Девять раз он пересекал границу Союза, легко планировал все путешествия, договаривался о встречах и выступлениях, назначал заранее число и месяц - получение визы на выезд было для него простой формальностью, как для жителя какой-нибудь Латвии. И вот впервые - отказ. Недоверие власти! Ничего страшней нельзя было придумать. Та самая объективная внешняя сила, которая наполняла его многие годы, придавая ему объем и устойчивость, теперь, казалось, его покидала, уходила в невидимый какой-то прокол. Он стал заметно терять форму, опадать, как воздушный шар.
Он мечется в поисках компенсации, опровержения, подтверждения и еще чего-то, что вернуло бы ему направленность - и придумывает юбилейную выставку как своеобразный памятник при жизни - по чину, то есть подтверждающий ранг и чин *.
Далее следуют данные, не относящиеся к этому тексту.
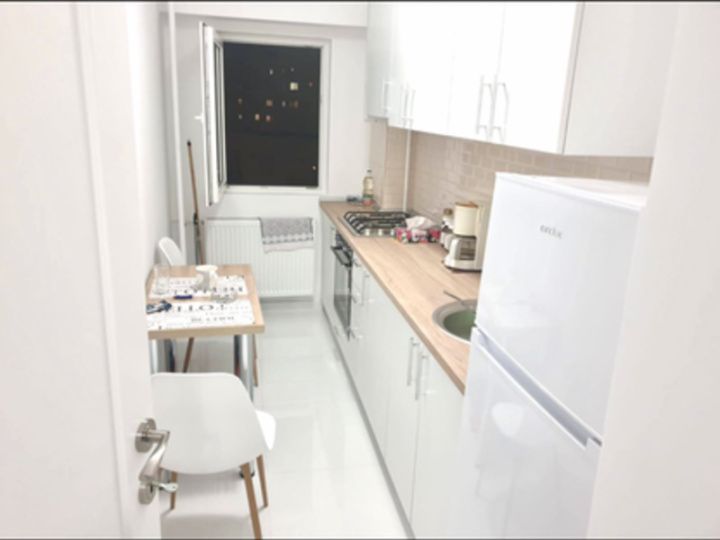 1 Camere de inchiriat | Mihai Bravu | Petfriendly | Mobilat - Utilat | – fotografia 4 din 6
(Ненависть ко всяческим юбилеям, неоднократно им провозглашенная, противоречит этой идее не больше, чем все остальное - всему остальному.). Многословно, нервно и не очень уверенно объясняет он друзьям необходимость выставки, втайне еще надеясь, что все так и бросятся помогать ему в этом государственном деле. Ничего подобного не происходит. Друзья поначалу еще кривят рты, изображая одобрительные улыбки, но Главискусство, ФОСП и прочие органы откровенно изъявляют свое равнодушие, а то и прямое неодобрение. После долгих хлопот удается выбить небольшое помещение и гораздо меньше денег, чем требуется. Он вкладывает собственные деньги, сам прибивает плакаты, клеит и красит. Редакции газет не высылают вырезок, пресса дружно молчит об открытии, приглашены руководители страны и партии, а не приходят даже знакомые. Все расползается. Популярность его еще велика, рядовая публика ходит активно, но мало ему от этого радости. Мало радости. Он, величайший поэт массы, знает лучше, чем кто бы ни было, что никакой массы, в сущности, нет, что масса - фикция, отвлеченный термин, атрибут демагогии, не более... Вот если бы те, что в Большом театре, буквально несколько человек, аплодировавших ему из правительственной ложи, еще недавно, еще в январе, он так поверил, так обнадежился... Но нету чудес и мечтать о них нечего.